ボタフォゴは全国選手権7勝2分3敗勝点23の3位。
コパ・アメリカ代表選手 :
FWサバリーノ(Savarino, 1996, ベネズエラ代表)
得点シーン
(BOT) : 73' #15 バストス(Bastos, 1991)[#70 オスカル・ホメーロ(Óscar Romero, 1992)]
右CKからMFオスカル・ホメーロが左足で高くボールを上げる。ゴール前でDFを押し込み態勢を崩させたCBバストスが、一歩引いてフリーの態勢で頭にボールを合わせゴール。ボタフォゴが先制。[0-1]
CBバストスは、アンゴラ代表として52試合2得点。ボタフォゴでは、アルトゥール・ジョルジ(Artur Jorge)監督就任後に最終ラインの軸として定着。セットプレーでの得点源としても貴重な存在、このゴールは全国選手権3点目のゴール。
(VAS) : 84' #99 ベヘッチ(Vegetti, 1988)[#6 ルーカス・ピトン(Lucas Piton, 2000)]
左サイドライン際から一つ内側のレーンでの混戦から、VOLスフォルツァ(Sforza, 2002)がサイドライン際へボールを送る。ボールを受けたSBルーカス・ピトンがフリーの態勢からゴール前にクロス。FWベヘッチが背面に下がりながらの難しいヘディングシュートを放つと、ボールはファーサイドのゴールポストをかすめゴールイン。ヴァスコ・ダ・ガマが同点に追いつく。
FWベヘッチは、2023年1月最終週~7月最終週に開催されたアルゼンチンリーグの得点王。2023年8月にヴァスコ・ダ・ガマに入団し、21試合10得点1アシストを記録してチームの残留に貢献。2024年も25試合13得点1アシストを記録中。全国選手権では5得点で得点ランクトップに並んだ。
試合経過、所感その他
ボール保持率: 前半:52% 48% ⇒ 前後半:54% 46%
シュート(枠内): 前半:1‐6(0-2) ⇒ 前後半:8-13(2-5)
パス成功率: 前半:86% 81% ⇒ 前後半:86% 79%
Desarmes: 前半:7‐11 ⇒ 前後半:15-12
Faltas Cometidas: 前半:9‐10 ⇒ 前後半:13-23
ヴァスコ・ダ・ガマは、4-1の快勝後に迎えた前節バイーア戦は、後半の早い時間帯に退場者を出し、終盤に勝ち越しゴールを許し1-2の敗戦。好調の波に乗り切れずにいる。

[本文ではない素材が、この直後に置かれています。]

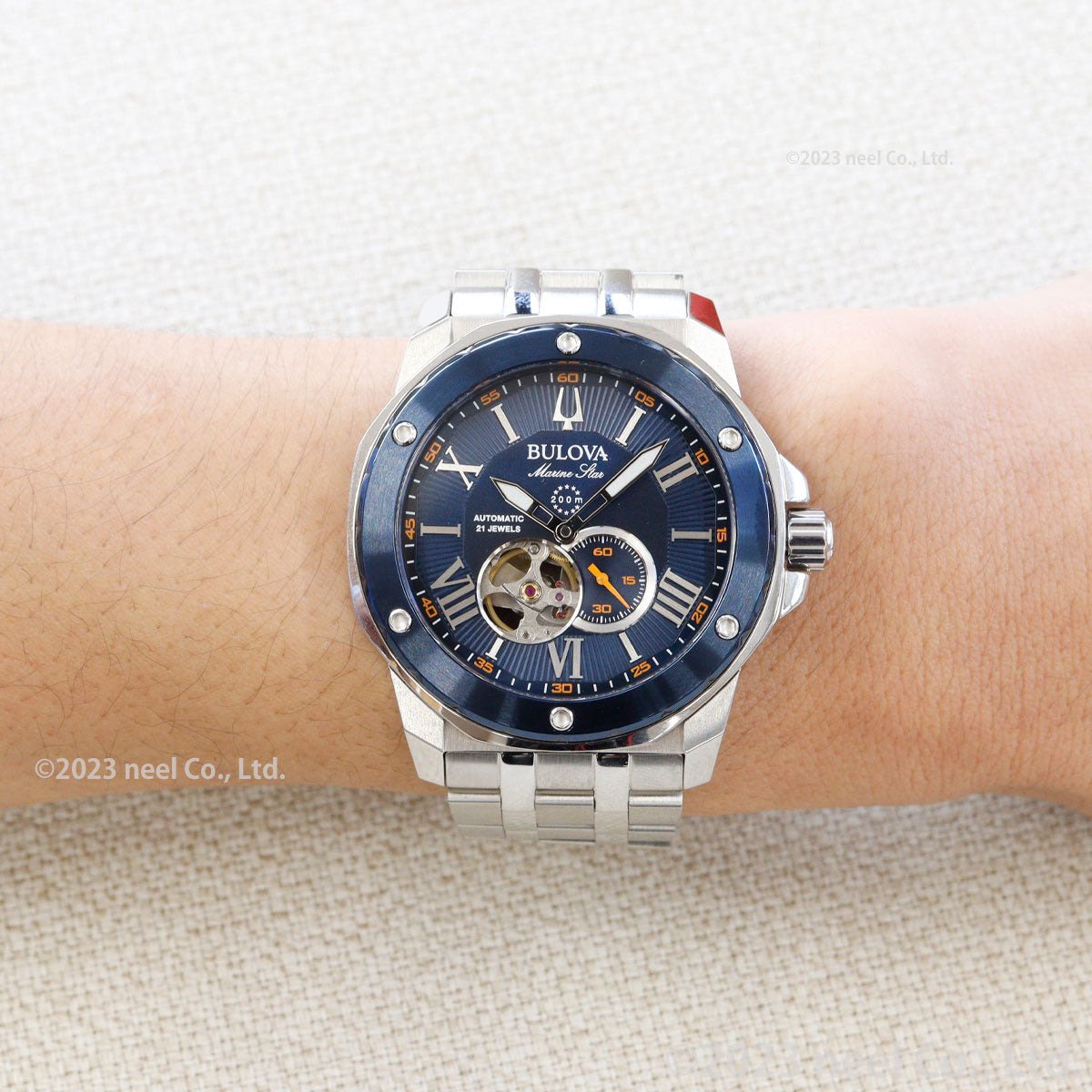 ブローバ BULOVA 腕時計 メンズ 自動巻き メカニカル マリンスター Marine Star 98A302【60回分割手数料無料!】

今節のスタメンには、MFガブリエウ・エストレラ(Guilherme Estrella, 2005)が3試合連続起用、MFジョタ・ぺー(JP, 2005)と中盤を構成。出場停止のFWデイヴィジ(David, 1995)に代わりSBルーカス・ピトン(Lucas Piton, 2000)が入り、左サイドバックにはSBヴィクトル・ルイス(Victor Luís, 1993)が入る。
ボタフォゴは、前節RBブラガンチーノ戦は、序盤の失点をケガのFWジュニオール・サントス(Júnior Santos, 1994)の代役MFエドゥアルド(Eduardo, 1989)の2ゴールで逆転、3試合ぶりの勝利を収めた。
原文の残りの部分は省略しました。